As you clearly articulate, the performance management problem can no longer be handled by throwing more people at it and relying on static threshold-based alerting and tribal knowledge-based correlation. Of course, new technologies like virtualization and SOAs, which provide undeniable benefits, compound the existing management problem tremendously. A new approach to performance management is the only way to scale in the face of this growing complexity. You’ve really captured the key elements required to address the problem here: dynamic threshold-based alerting and real time correlation of alert and metric behavior.
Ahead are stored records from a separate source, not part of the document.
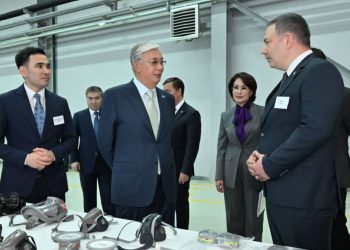 Токаев посетил завод противогазов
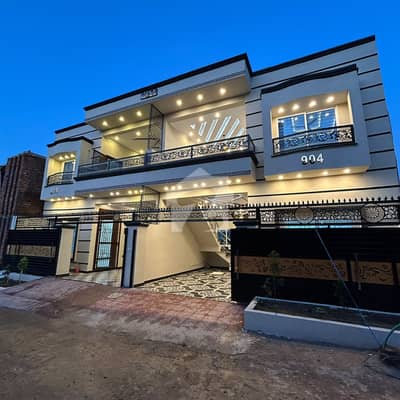 Prime Location Snober City House Sized 5 Marla Is Available
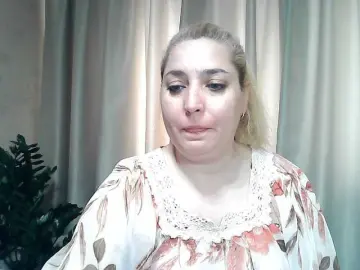 Free Live Porn with KickaIricka - Bongacams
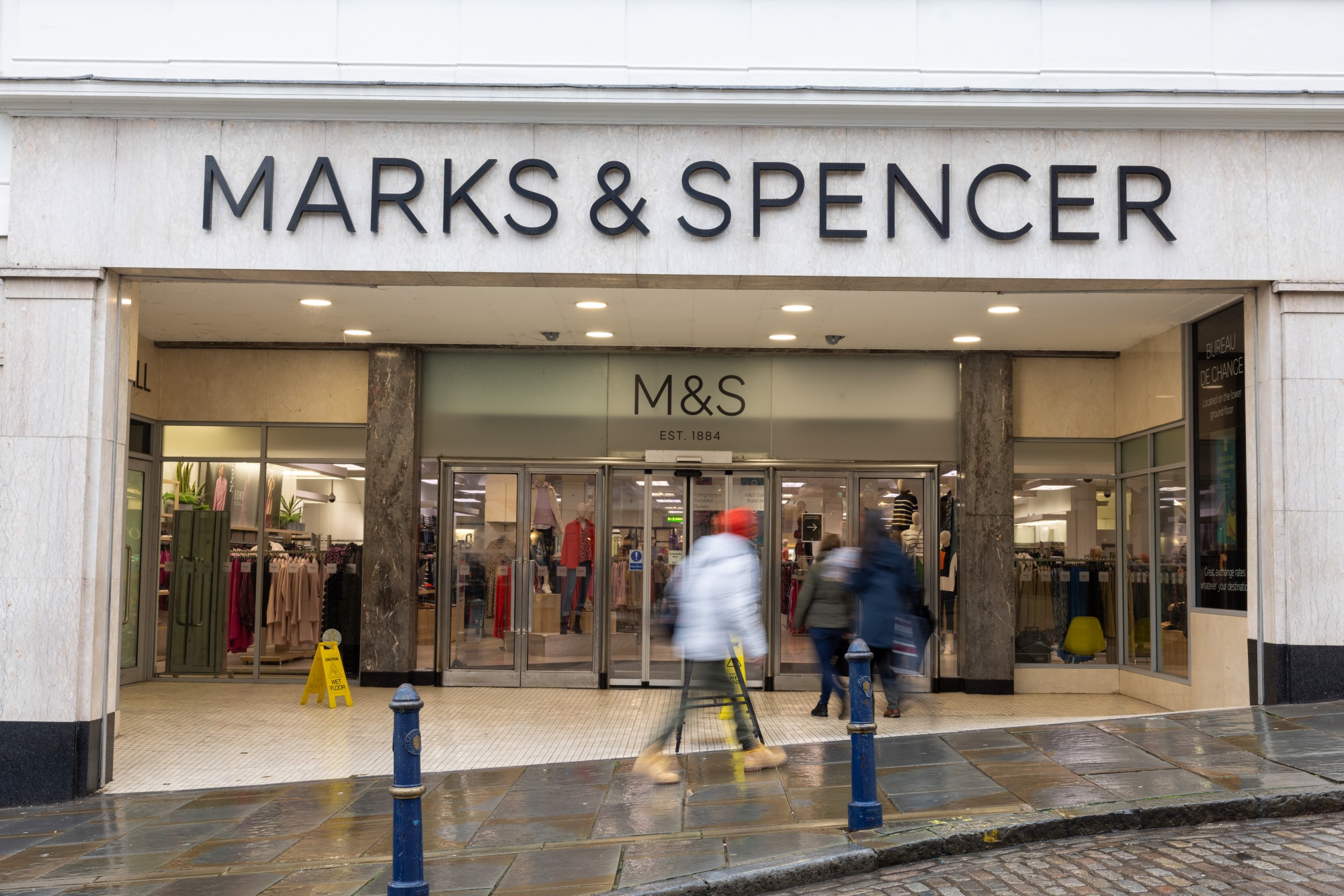 M&S clothing sales rise as customers return to stores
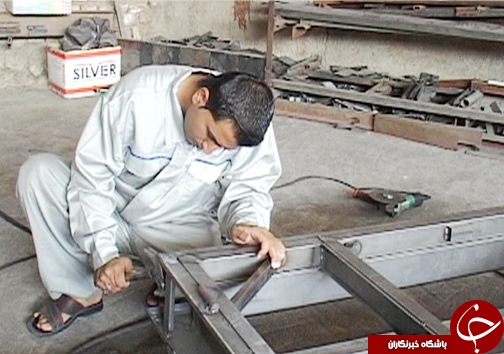رقابت جوان کارآفرین لرستانی با کالای چینی / ساخت درب های ضد سرقت با مقاومت بالا + تصاویر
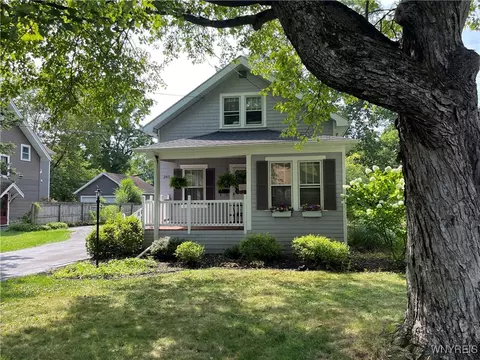 245 Sycamore St, Aurora, NY 14052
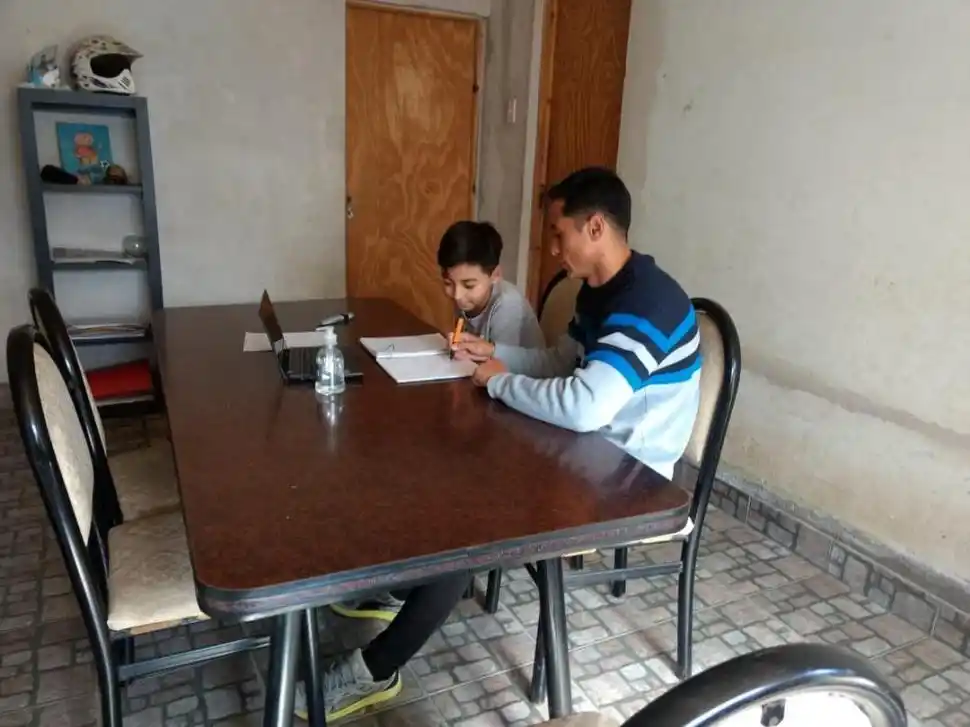 “ESTO ES ASÍ”. En su casa, Ojeda enseña matemáticas, física y dibujo técnico.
Too many IT Operations teams are mired in monitoring events and spend tremendous amounts of manual effort figuring out what alerts are important and which they can ignore. Correlation is limited to simple rules based on tribal knowledge. I was talking to a VP, IT Operations at a large online financial who told me that he had 10 highly paid individuals on his team who do nothing but look at graphs all day. They are comparing week over week metric behavior to identify abnormalities and manually correlating them to solve performance issues. I’ve since seen them doing this, printing out graphs of metric data and holding them up to the light to compare them. It is a slow process that seems archaic, but it is common practice in many Operations teams I’ve talked with. This particular team needs to scale their application infrastructure by a factor of three over the next two years while keeping budget relatively flat. Without automation of these manual tasks, there is no way that will be possible. Of course, this is why they are looking at Integrien’s solution.
I look forward to continued discussion on the differing approaches to analytics-based performance management and how adoption and operationalization are proceeding.
Steve
March 12th, 2008 at 09:42
Thanks, Steve (and sorry for the long delay!),
I have also noticed the changing tide toward a smarter way to understand and address performance problems. The trend has been slow, but it is accelerating because people have no choice. Traditional methods and tools cannot possibly fulfill the need.
It is good to see new technology solutions - and new thinking - beginning to take over!
– Glenn –